LLMs Don’t Actually “Call” Tools

Here is a fact that surprises most people: LLMs cannot run code. They cannot call APIs. They cannot read files. All they do is predict the next token — they output raw text, one piece at a time.

So how do they “use tools”?

The trick: structured wishes

During training, models are fine-tuned on augmented datasets that include tool call examples. The training pipeline works roughly like this:

  1. Take existing text corpora
  2. Use prompts to generate synthetic tool calls within that text — e.g., [Calculator(400 / 1400)] -> 0.29
  3. Filter: only keep examples where the tool call improved prediction of subsequent tokens
  4. Fine-tune the model on this augmented dataset

This is the approach behind Toolformer — the model learns “when I’m about to produce a factual number, inserting a calculator call here makes my next tokens more accurate.” Over many such examples, it develops the instinct: when in doubt, call a tool rather than guess.

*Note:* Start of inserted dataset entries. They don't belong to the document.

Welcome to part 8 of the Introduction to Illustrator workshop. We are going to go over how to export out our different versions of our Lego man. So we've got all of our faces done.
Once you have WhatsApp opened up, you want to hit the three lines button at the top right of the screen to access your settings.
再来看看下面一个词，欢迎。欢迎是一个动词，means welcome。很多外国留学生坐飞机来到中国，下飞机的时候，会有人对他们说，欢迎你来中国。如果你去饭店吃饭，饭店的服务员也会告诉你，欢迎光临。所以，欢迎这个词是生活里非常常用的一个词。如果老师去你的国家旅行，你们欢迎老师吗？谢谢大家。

The result? Instead of guessing an answer, a trained model outputs something like:

<tool_call>
{"name": "get_weather", "arguments": {"city": "Tokyo"}}
</tool_call>

The model does not run this. It just writes it.

The loop: five steps, not one

A host application — ordinary software sitting between the model and the outside world — orchestrates the full cycle:

  1. App sends tool definitions + user message. The tool schemas (name, description, JSON Schema for parameters) are injected into the system prompt as tokens — they consume context window space just like any other text.
  2. Model analyzes whether calling a tool would help fulfill the request.
  3. Model outputs a structured tool_calls array — potentially multiple calls in parallel, not just one at a time.
  4. App executes each function locally, captures the results.
  5. App sends results back to the model as new messages, referencing each call by ID. The model reads them and generates a final response.

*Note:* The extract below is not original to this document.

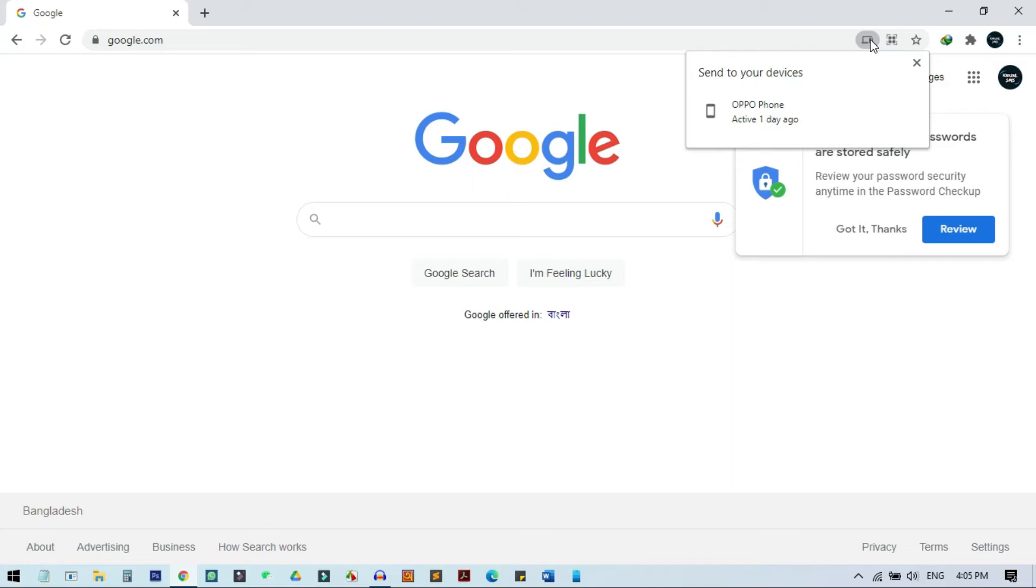One thing to note: you need to have the same Google account on both devices. Here you can see the same Google account that I'm using inside this browser as the default account, and also on my phone I'm using the same account. So you need to use the same Google account on your both devices, iPhone and also your laptop, and then you will get this option.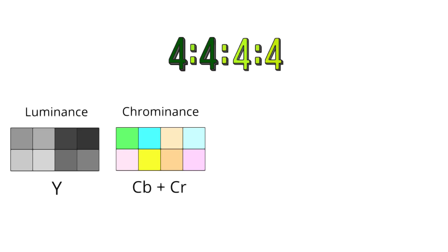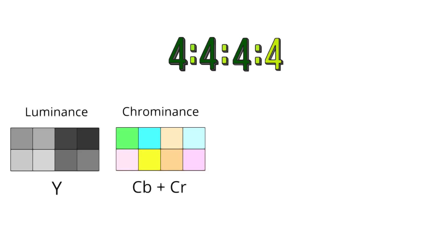Third 4 indicates that both chrominance components CB and CR in the second row are sampled at full resolution for each pixel, just like the luminance and pixels in the first row, preserving the color details with no subsampling.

To the end user, it looks like the AI “called a function.” In reality, the AI wrote a structured wish, and the system granted it.

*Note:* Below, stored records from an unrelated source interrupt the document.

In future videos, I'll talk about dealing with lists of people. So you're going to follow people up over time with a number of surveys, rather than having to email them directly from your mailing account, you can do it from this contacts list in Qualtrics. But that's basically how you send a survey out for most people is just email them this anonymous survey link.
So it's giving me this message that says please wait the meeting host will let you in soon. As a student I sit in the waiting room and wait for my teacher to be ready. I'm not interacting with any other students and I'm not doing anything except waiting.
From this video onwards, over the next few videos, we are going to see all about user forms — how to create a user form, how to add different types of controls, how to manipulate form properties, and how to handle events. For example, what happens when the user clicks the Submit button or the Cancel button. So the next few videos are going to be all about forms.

One subtlety worth noting: since tool definitions are injected as tokens, every tool you register costs context window space — even if the model never calls it. This becomes important later.

This is the foundation. Everything that follows is about making this loop better.


Stage 1: Functions Hardcoded on the Server

The earliest tool-use systems were dead simple. You, the developer, would:

  1. Write a Python function (e.g., def get_weather(city): ...)
  2. Describe that function in the system prompt — “You have access to get_weather(city). Call it when the user asks about weather.”
  3. Build a parser to catch the model’s output and route it to your function

This worked. But it had problems:

  • Every tool lived in your codebase. Want to add a database lookup? Write the function, redeploy.
  • The system prompt grew with every tool. Ten tools meant a wall of text describing each one’s name, parameters, and usage rules — all eating into the model’s context window.
  • No sharing. Your weather function was yours alone. Another developer building a similar app had to write their own from scratch.

Still, this was the moment LLMs went from “chat assistants” to “agents that can act.” OpenAI formalized this as Function Calling in June 2023, giving it a structured JSON schema instead of freeform text in the system prompt. But the architecture remained the same: functions lived on your server, described in your prompt.


Stage 2: Tool Servers — Moving Tools Out

The next step was obvious: why keep tools in your app? If a tool is just a function with inputs and outputs, it can live anywhere. Run it as a separate service. Call it over HTTP.

This gave rise to tool servers — standalone services that expose tools via APIs. Your app no longer needs to contain the tool code. It just needs to know the tool’s URL, its schema, and how to call it.

Benefits:

  • Separation of concerns. The AI app handles conversation. The tool server handles actions.
  • Reusability. One tool server can serve many AI apps.
  • Independent scaling. A heavy tool (like image generation) can run on beefy hardware while the chat app stays lightweight.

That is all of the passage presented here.